Starting at the line that contains "Dijual rumah baru", transcribe every remaining line of the data below exactly, and omit all pictures.
Exercise data: Begin
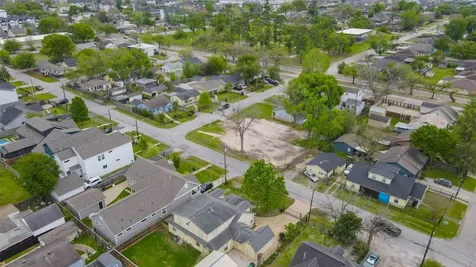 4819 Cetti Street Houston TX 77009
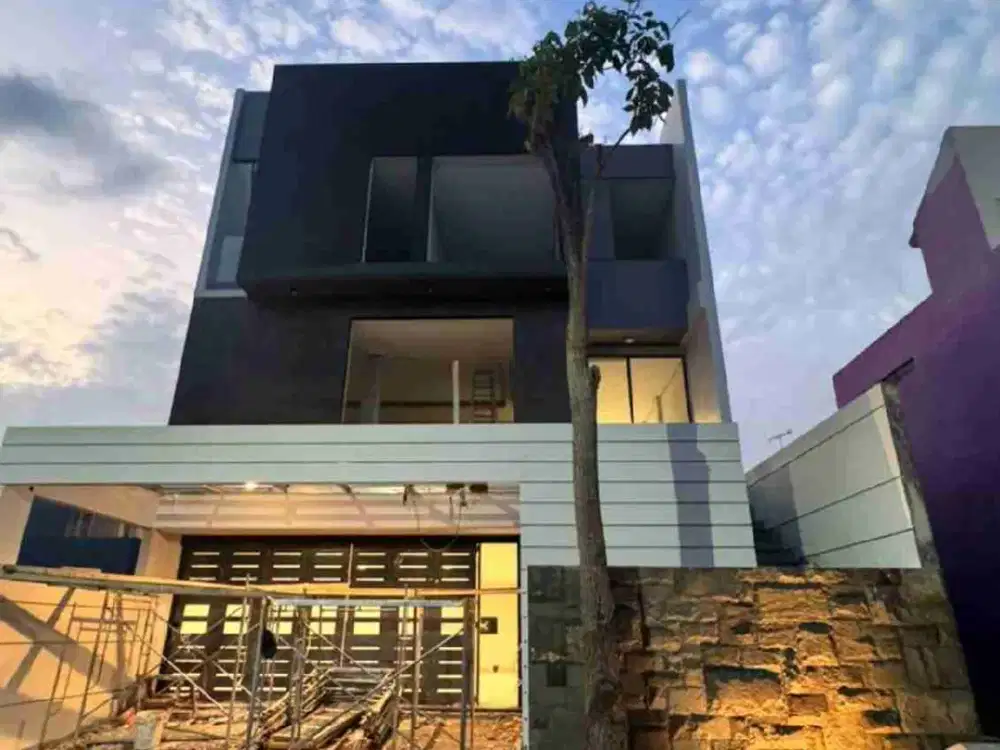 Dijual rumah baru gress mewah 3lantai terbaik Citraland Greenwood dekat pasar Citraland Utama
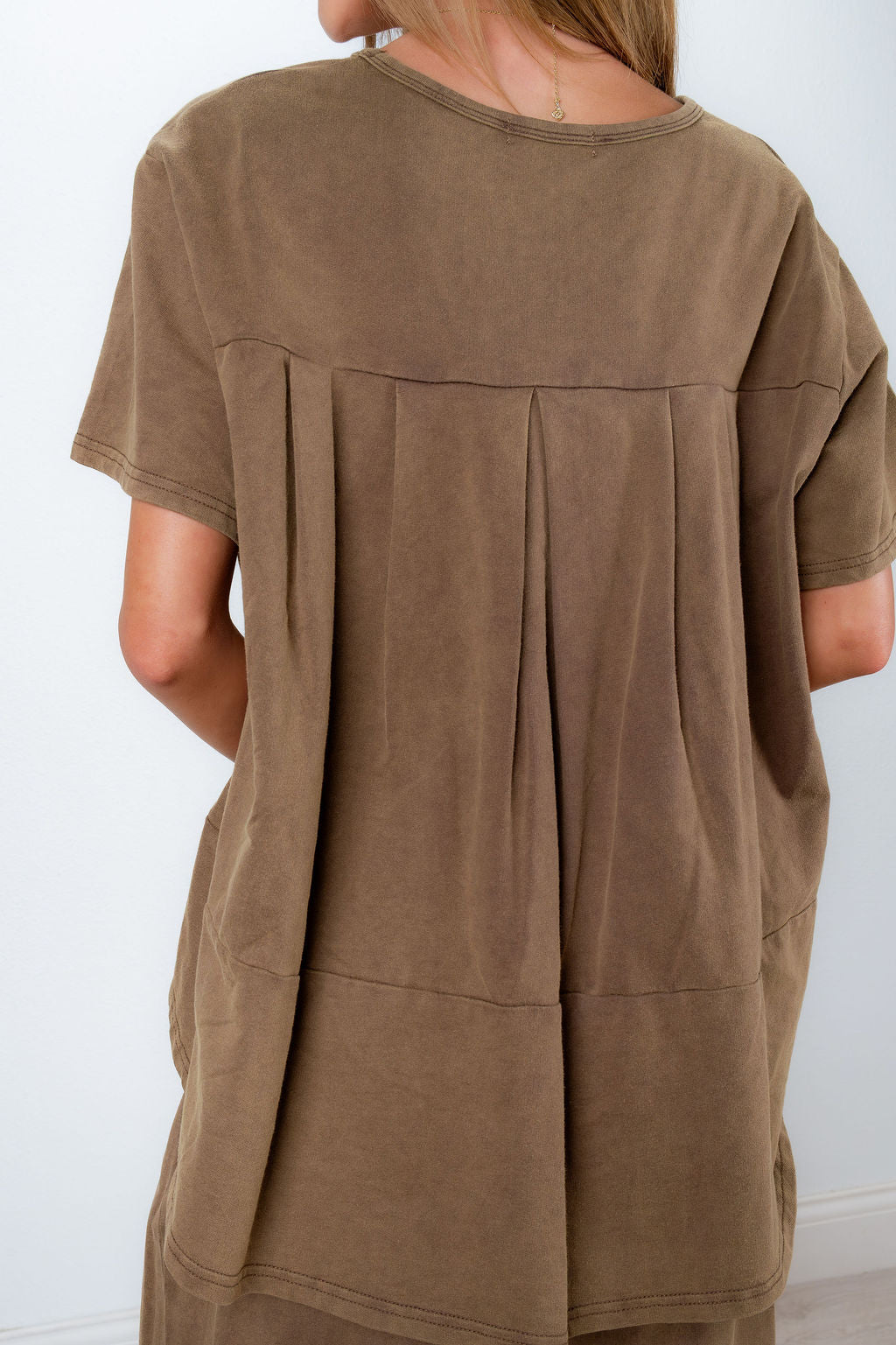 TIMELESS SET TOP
Exercise data: End
Answer below:
 Dijual rumah baru gress mewah 3lantai terbaik Citraland Greenwood dekat pasar Citraland Utama
 TIMELESS SET TOP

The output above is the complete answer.